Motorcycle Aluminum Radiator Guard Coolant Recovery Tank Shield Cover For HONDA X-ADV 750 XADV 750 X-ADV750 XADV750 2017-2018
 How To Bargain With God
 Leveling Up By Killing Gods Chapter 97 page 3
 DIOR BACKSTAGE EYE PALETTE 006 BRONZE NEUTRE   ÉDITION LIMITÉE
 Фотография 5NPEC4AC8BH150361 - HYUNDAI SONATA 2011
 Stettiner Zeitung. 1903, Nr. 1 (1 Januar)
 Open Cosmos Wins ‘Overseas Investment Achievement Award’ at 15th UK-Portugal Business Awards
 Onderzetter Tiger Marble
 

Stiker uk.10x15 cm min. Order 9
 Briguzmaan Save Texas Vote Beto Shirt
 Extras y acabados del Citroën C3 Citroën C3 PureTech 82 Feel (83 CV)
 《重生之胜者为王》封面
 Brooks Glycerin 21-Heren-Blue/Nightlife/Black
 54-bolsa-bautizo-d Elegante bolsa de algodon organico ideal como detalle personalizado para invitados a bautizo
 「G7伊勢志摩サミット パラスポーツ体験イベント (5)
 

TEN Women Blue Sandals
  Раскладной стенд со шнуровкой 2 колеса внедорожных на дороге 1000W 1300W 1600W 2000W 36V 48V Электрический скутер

..........

(WHAT IS BEING ASKED)
Would you give the number of lines in this listing that include "Blue"? Only the number, please.

(WRITTEN ANSWER)
2